The government of Nova Scotia stated that the province will not be entering the online gambling space. Premier Darrell Dexter announced the decision last Thursday after hearing the opinions of the public and experts on the matter and said that government-sanctioned online gaming was not in line with the province’s goal of reducing the number of problem gamblers.
Nova Scotia’s finance minister Graham Steele, who supported the idea of online gambling earlier this year, has since changed his mind after reading the latest research on the issue.
“The thing that struck me was the idea that if we participated in online gambling we would get people into gambling who otherwise wouldn’t,” said Graham Steele.
Nova Scotia is not alone in this. Newfoundland and Labrador Premier Danny Williams said in August that he was opposed to introducing online gambling in his province.
Other provinces such as Ontario and Quebec have gone in opposite directions and are in the process of launching their own online gambling websites following British Columbia’s lead this summer.
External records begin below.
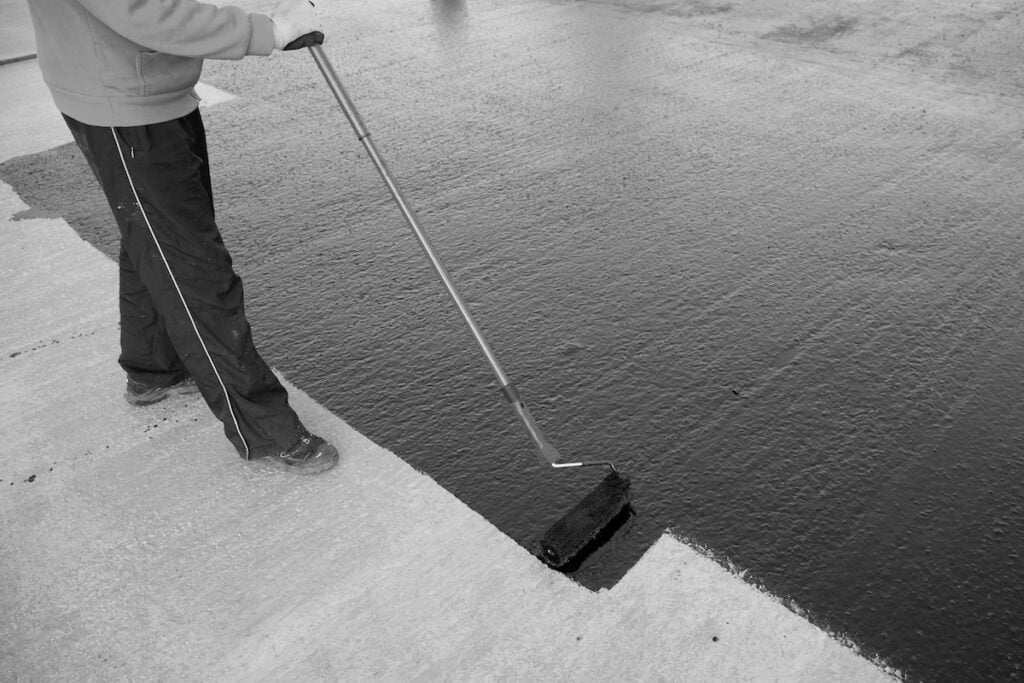 Waterproofing coating. Worker applies bitumen with a roller brush.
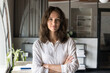 © fizkes - Head shot portrait of pretty young businesswoman posing with arms crossed in modern workspace, looking at camera with serious, peaceful expression. Motivated female business leader, competence, career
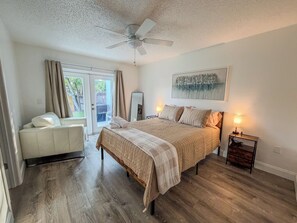 A bedroom with a bed, a seating area, a ceiling fan, and a view through a glass door.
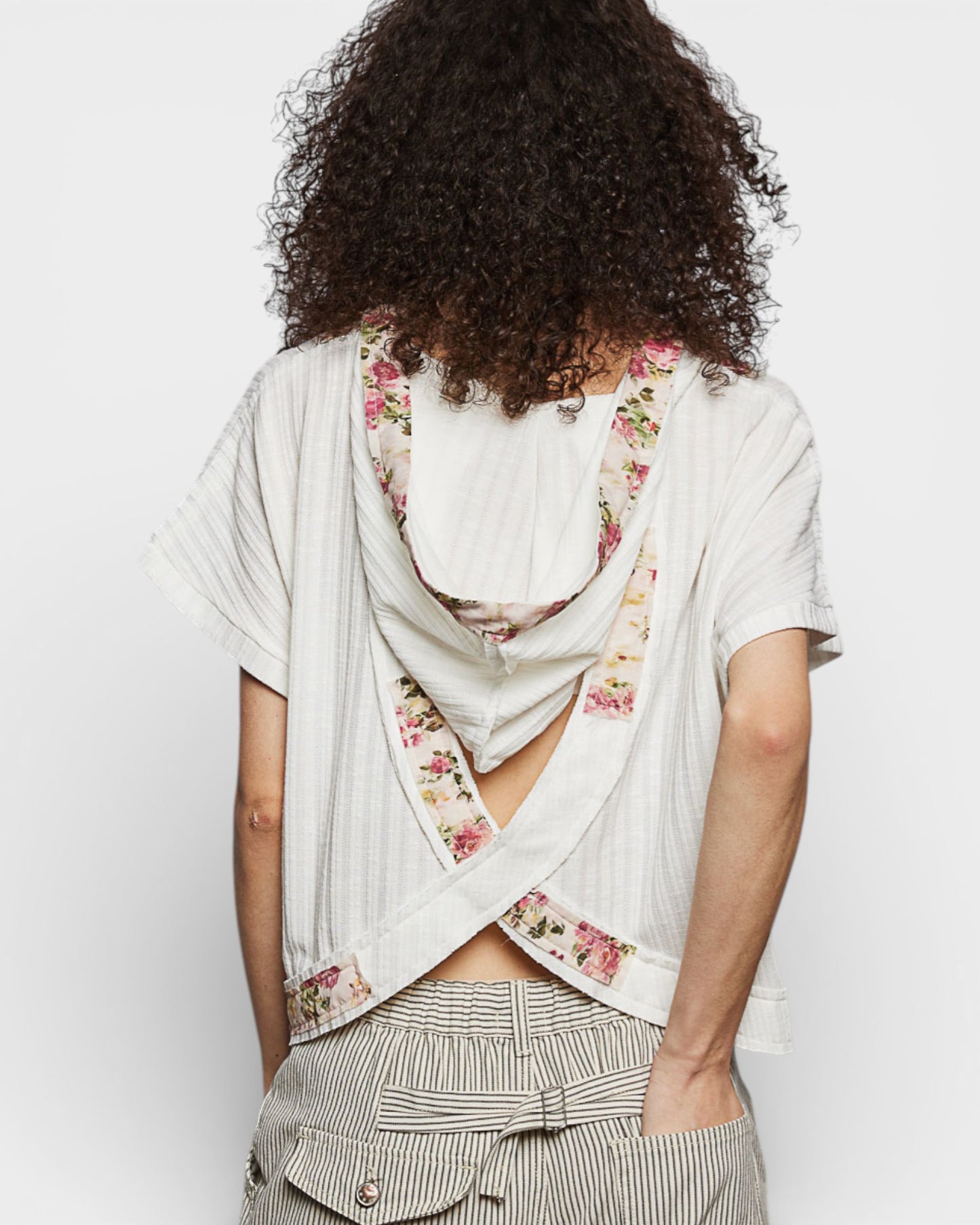 Person wearing a floral scarf over a white shirt with a plain background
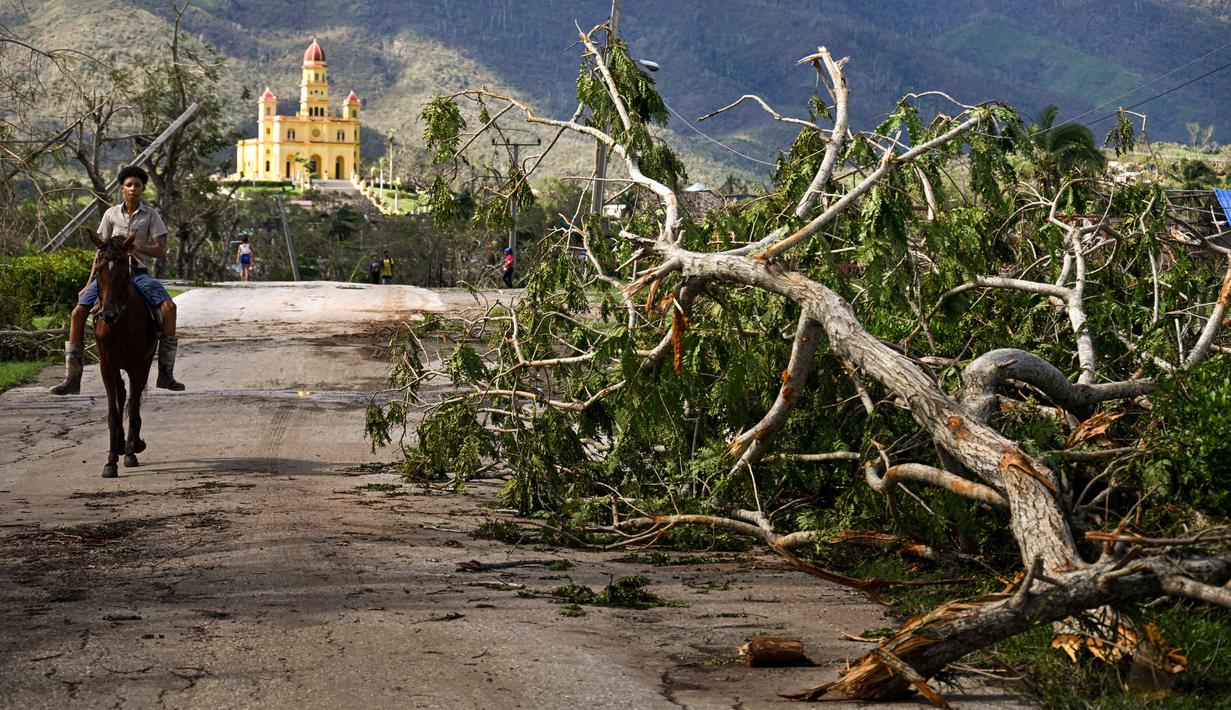 Seorang warga berkuda melewati pohon tumbang, kabel listrik, dan rumah-rumah yang hancur setelah Badai Melissa melanda El Cobre, Provinsi Santiago de Cuba, Kuba pada Kamis 30 Oktober 2025. Pemerintah Kuba telah mengeluarkan peringatan badai untuk lima provinsi, yaitu Granma, Santiago de Cuba, Guantanamo, Holguin, dan Las Tunas. (YAMIL LAGE/AFP)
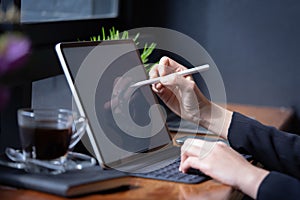 Businesswoman working with stylus and digital tablet pc at a coffee shop
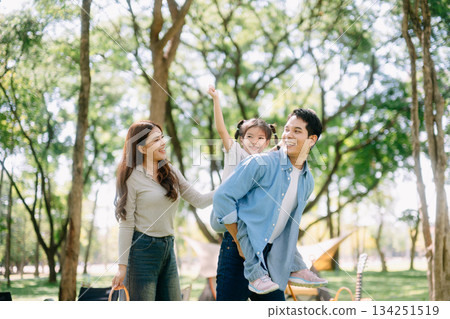 Happy parents and daughter Bakery and Bread Fruit enjoy  in a sunny garden. A joyful summer picnic full of love, food for family 134251519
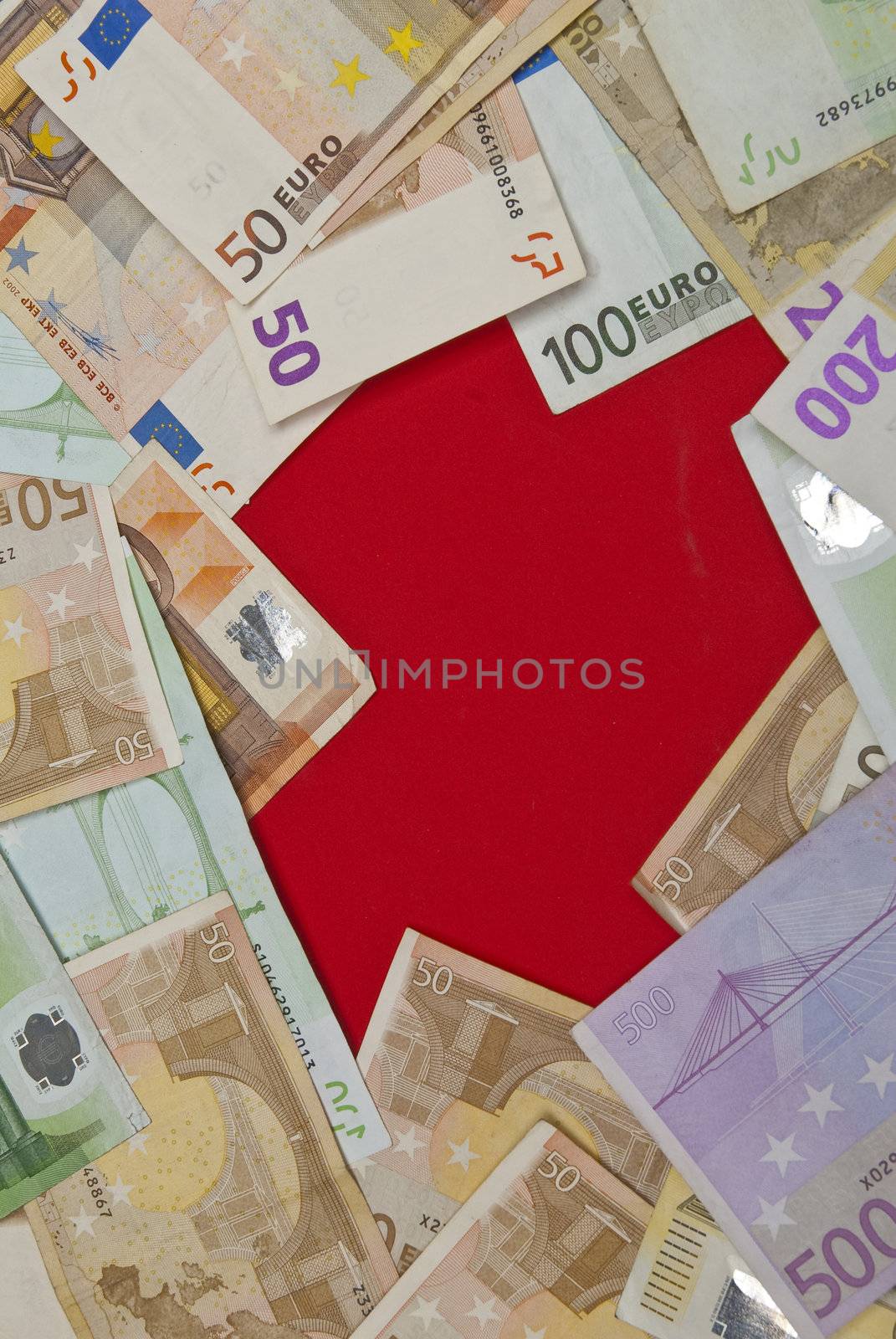 Euro bills on red background,recorded above them.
Prince Edward Island’s finance minister has said his province hasn’t yet decided whether they will make the move into internet gambling.
While the provinces are seeking new ways to drive in much needed tax dollars, it has become apparent that the provinces are divided on this issue. No one really knows for certain the potential financial rewards to be derived from a move to internet gambling or whether government websites have the know-how to effectively compete with long-established offshore websites.